Top of DATA LISTING

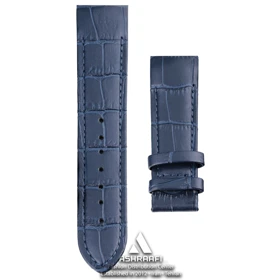 بند چرم سورمه‌ای 22-Watch Strap DB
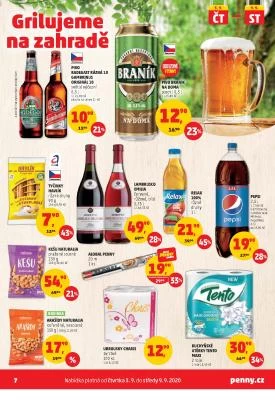 akční leták Penny Market 3.9.2020-9.9.2020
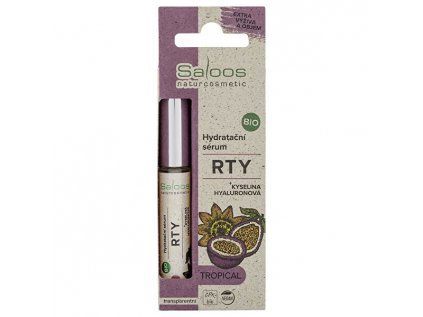 saloos bio hydratacni serum na rty tropical 7 ml 14914128084439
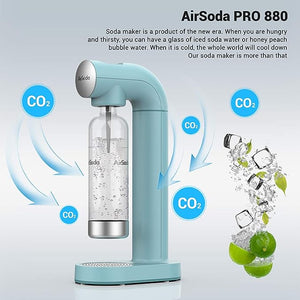 **☃️Christmas Exclusive Offer❄️** AirSoda Home Soda Maker (Ready Stock) - Searching C Malaysia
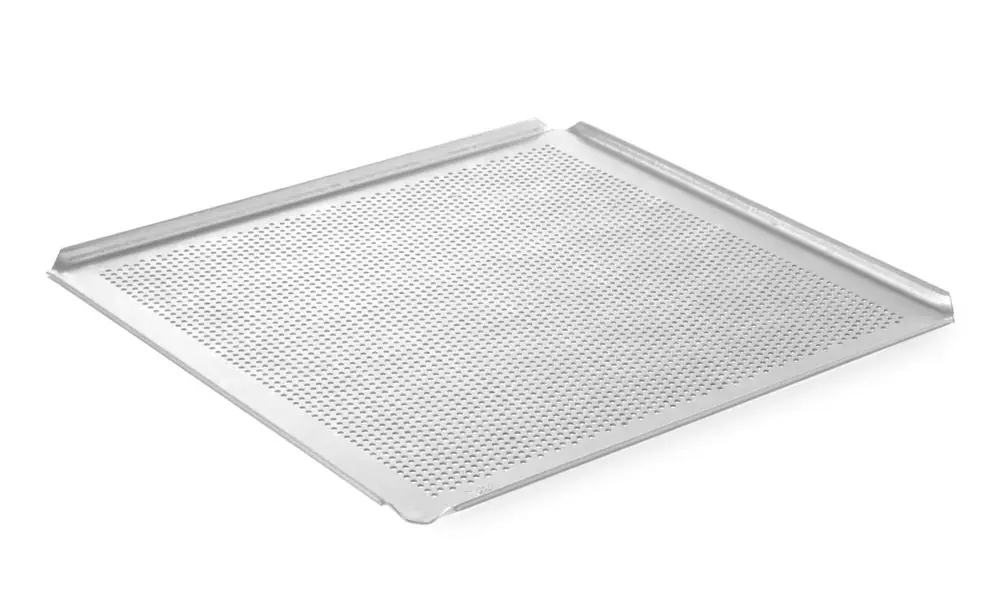 Speciale Aanbieding Tray Geperforeerd GN 2/3 – Met 4 Randen, Hendi, GN 2/3, 354x325x(h)10mm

Bottom of DATA LISTING

WORK REQUIRED:
Please give an exact printout of all the records, pictures aside.

ANSWER SPACE:
 بند چرم سورمه‌ای 22-Watch Strap DB
 akční leták Penny Market 3.9.2020-9.9.2020
 saloos bio hydratacni serum na rty tropical 7 ml 14914128084439
 **☃️Christmas Exclusive Offer❄️** AirSoda Home Soda Maker (Ready Stock) - Searching C Malaysia
 Speciale Aanbieding Tray Geperforeerd GN 2/3 – Met 4 Randen, Hendi, GN 2/3, 354x325x(h)10mm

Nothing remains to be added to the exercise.